Em pronunciamento na tarde de ontem, o presidente Michel Temer (MDB) anunciou que as Forças Armadas poderiam ser empregadas. "Ainda no domingo (20), começamos a tomar providências para atender às suas demandas (caminhoneiros)", iniciou.

Na quinta-feira, o governo federal fechou um acordo temporário de 15 dias com as lideranças nacionais representativas da categoria. "Eles pediram uma redução no preço do óleo diesel; a União irá ressarcir a Petrobras para garantir a redução de 10% no custo final do diesel. Pediram estabilidade do preço; nós acordamos a estabilidade no preço do óleo diesel a cada 30 dias para garantir a previsibilidade dos custos dos caminhoneiros", prosseguiu Temer.
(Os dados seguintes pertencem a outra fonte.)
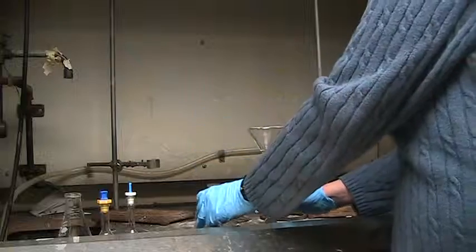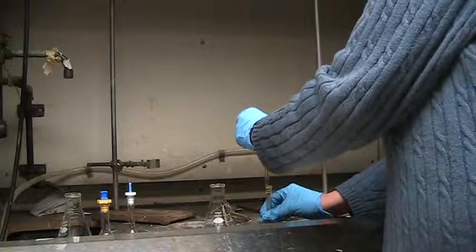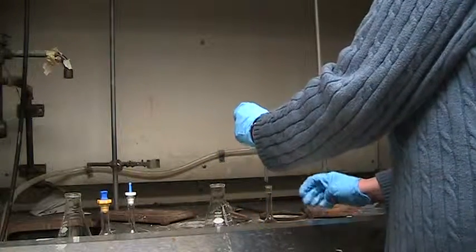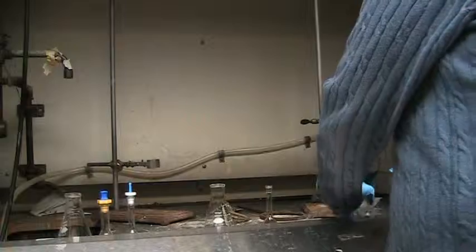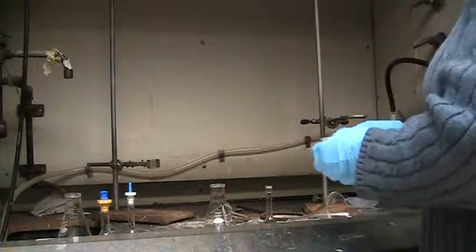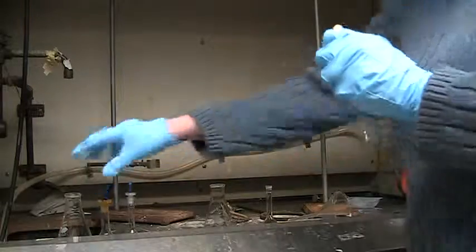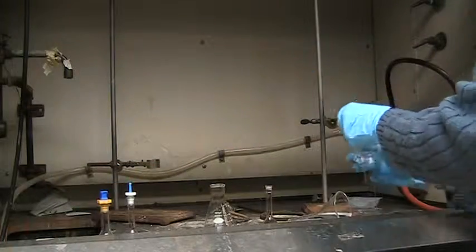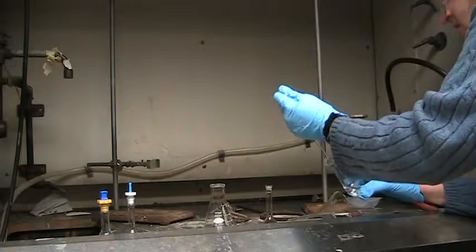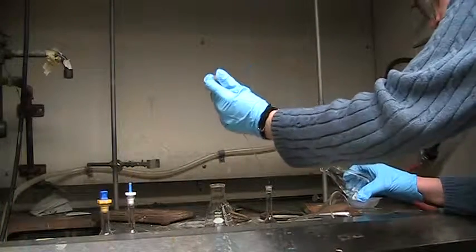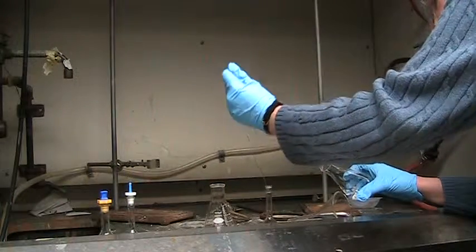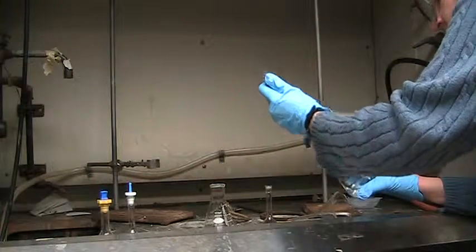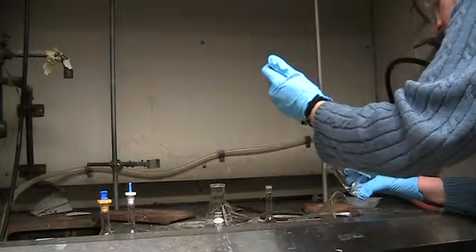At this point I want to fill the volumetric flask to the mark with the solvent that we are using for the dilution. In this case it's dichloromethane. So using the pipette I can start by filling it relatively quickly as I start to approach the mark.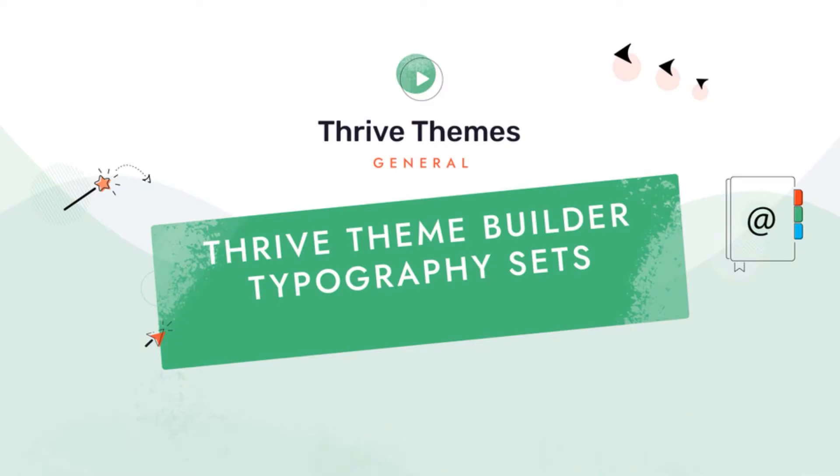In this quick tutorial, we're going to take a look at how we can add and customize typography sets in Thrive Theme Builder.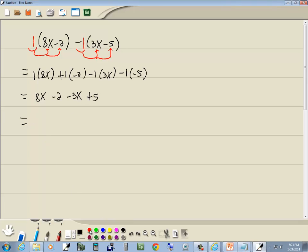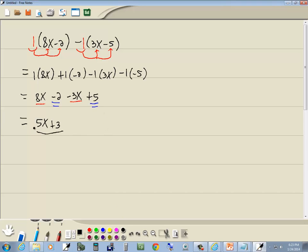Always you should combine together like terms, no matter where you are in algebra. Here we got 8x minus 3x, so that gives us 5x. And here we got negative 2 plus 5, which gives us a plus 3.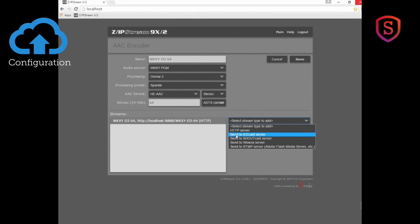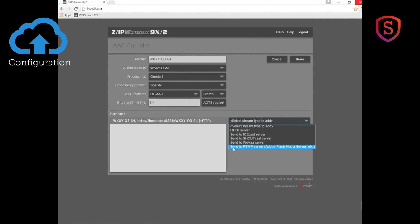But if I want to make a stream specifically formatted to send to an IceCast server, that's what I can do right there. Or to a ShoutCast server, or to a Wowza server, or I can send to an RTMP server for Adobe Flash Media and things like that.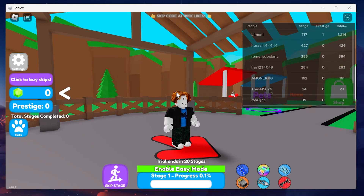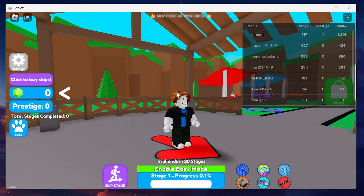Slightly push the joystick analog button forward in the direction where you want your character to move. It will walk slowly, just like how you can walk slowly in Roblox on mobile devices.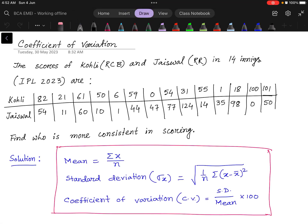Dear students, today I will discuss the Coefficient of Variation. In IPL 2023, Kohli, who is the best batsman of RCB, and Jaiswal, who is the best batsman of Rajasthan Royals, both played 14 innings and their scores are given below. We have to find who is more consistent in scoring.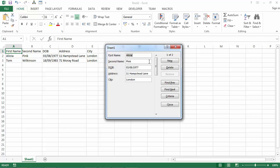If you want to add a new record, just select New and type the data you want to add.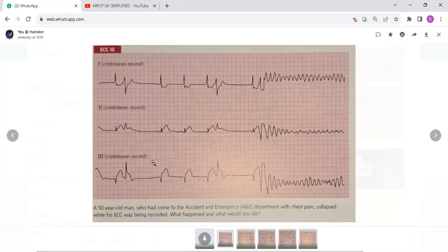This is an ECG of a 50-year-old man who came to the accident and emergency department with chest pain and collapsed while his ECG was being recorded. What happened and what would you do?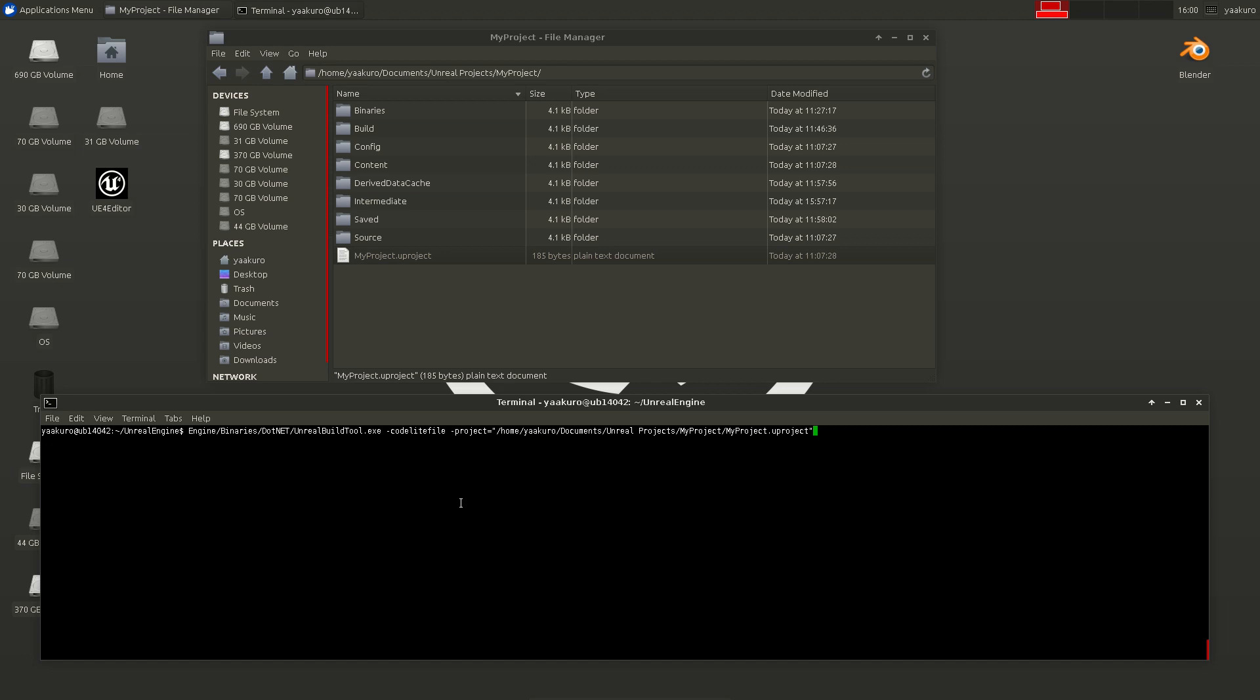And then we want to have the game project files and the engine project files. And then we say OK and hit Enter.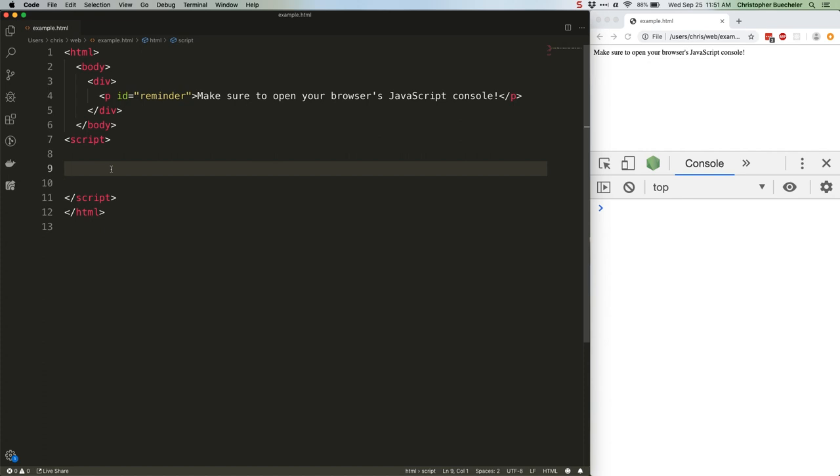If you've been paying attention to the JavaScript community lately, it might seem like it's impossible to find work if you're not a TypeScript expert, and that anyone using plain old JavaScript is hopelessly behind.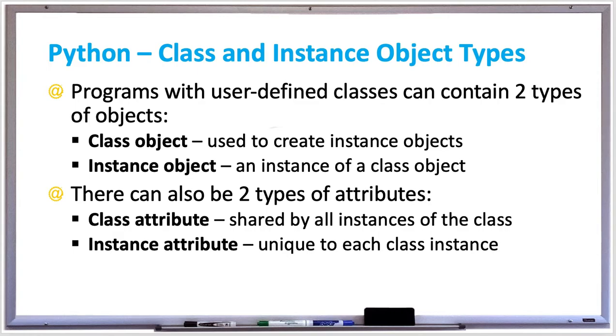There can also be two types of attributes: a class attribute which is shared by all instances of the class. An example of a class attribute is imagine there was a bank account class.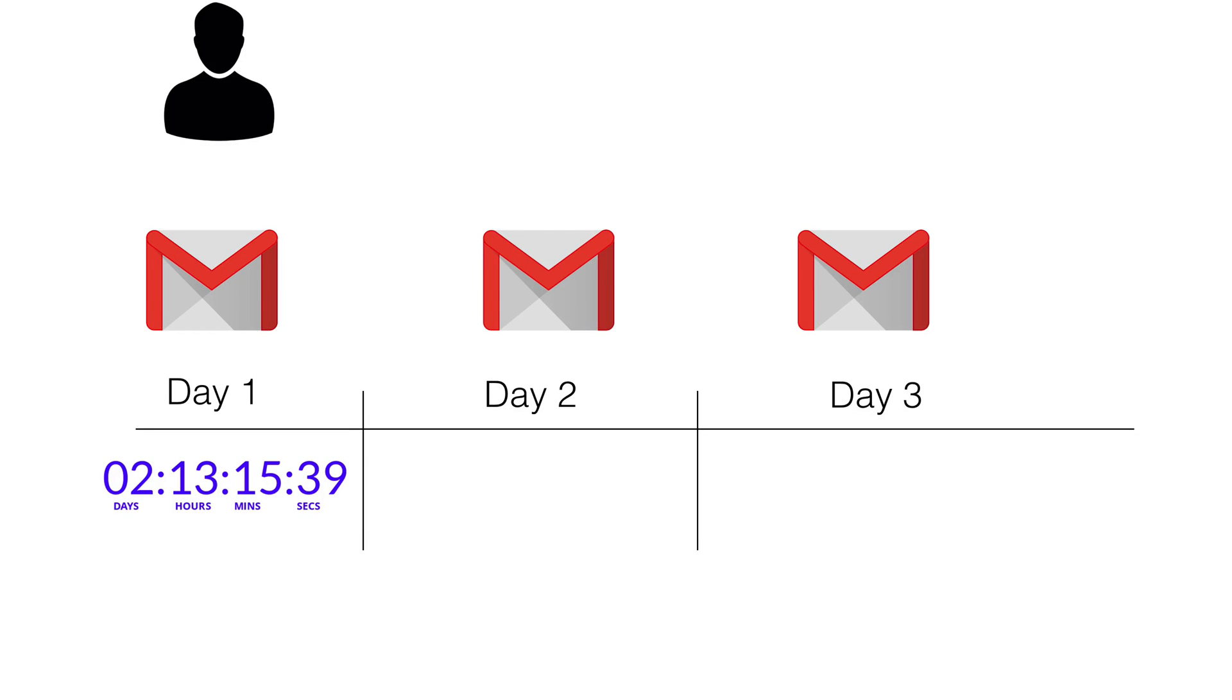In this short video, I'm going to go over some really important information regarding the email countdown image, especially if you're going to use it in multiple days. So if you're going to send out several emails over a span of the sequence and you're going to use the email countdown image in multiple days, pay very close attention.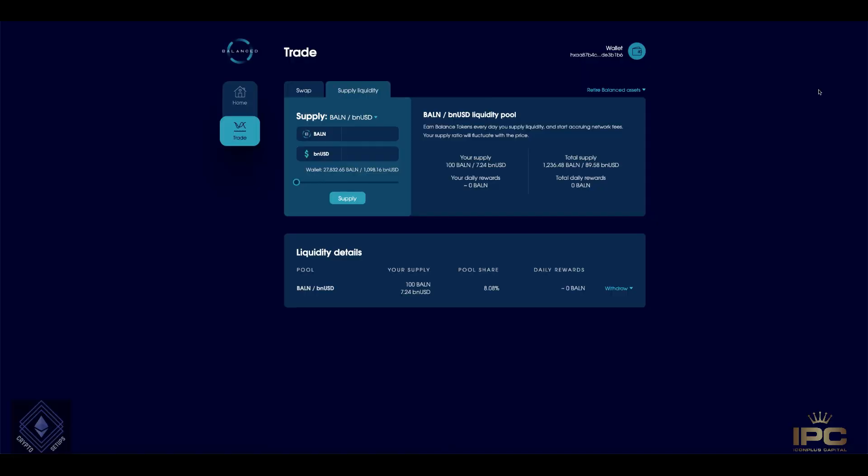Hey everyone, Fez here from Crypto Setups. This DeFi tutorial is brought to you by Icon Plus.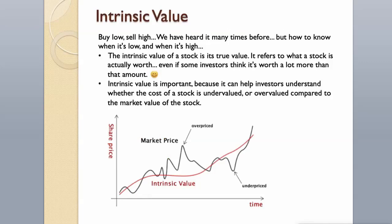Intrinsic Value. Buy low, sell high. We have heard it many times before. But how to know when it's low, and when it's high?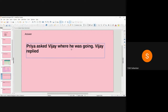So the first reported sentence is: Priya asked Vijay where he was going. Note that in the direct question you have a question mark, but in reported speech you have a full stop at the end. Vijay naturally gives a reply next.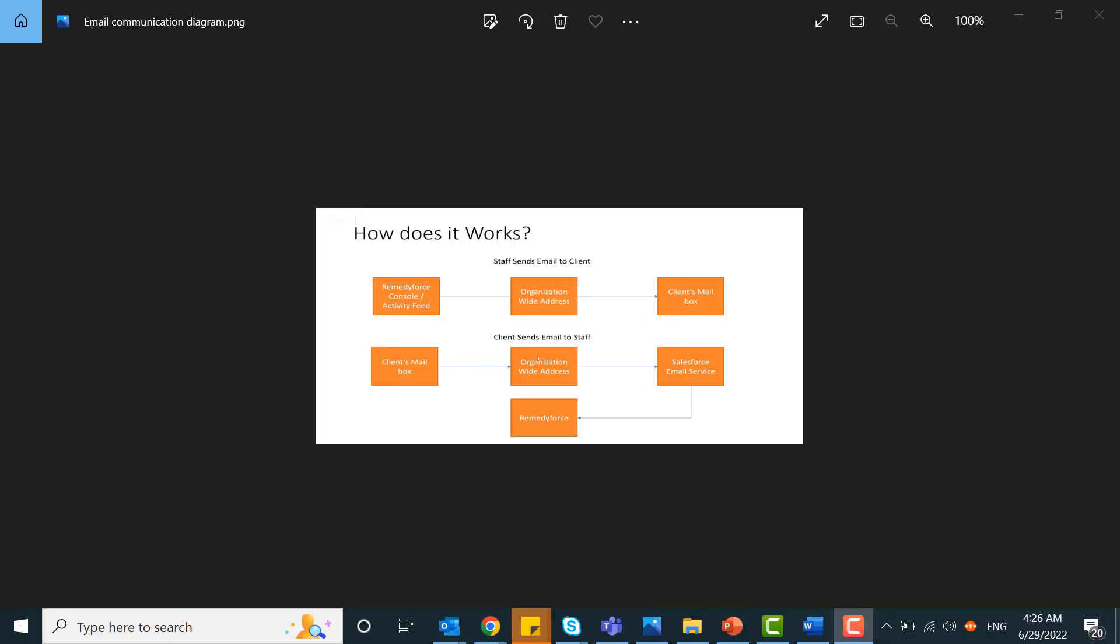Once you share the short email address to your clients, the client will send an email to the incident. This email will be sent to org-wide addresses and processed via Apex listener and attached to the incident. To link the organization-wide address to Apex listener, you need to contact your Outlook administrator who will create a forward rule. That forward rule will help sync the org-wide email address with Apex listener.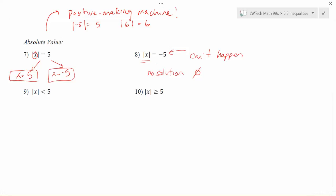With that review in the background, let's think about what's going to happen when we look at absolute values with inequalities. In number nine, we're looking at how we can describe the set where the absolute value of X is less than 5.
Temer confirmou o atendimento a 12 reivindicações dos caminhoneiros, e disse ainda que estes se comprometeram a encerrar a paralisação imediatamente. "Este foi um compromisso conjunto", ressaltou. "Mas, infelizmente, uma minoria radical tem bloqueado estradas e impedido que muitos caminhoneiros levem adiante os seu desejo de atender à população e fazer o seu trabalho."

Por fim, o presidente destacou que o governo pretende implantar "planos de segurança para superar os graves efeitos do desabastecimento causado por esta paralisação. (...) acionei as forças federais de segurança para desbloquear as estradas e solicito aos senhores governadores que façam o mesmo".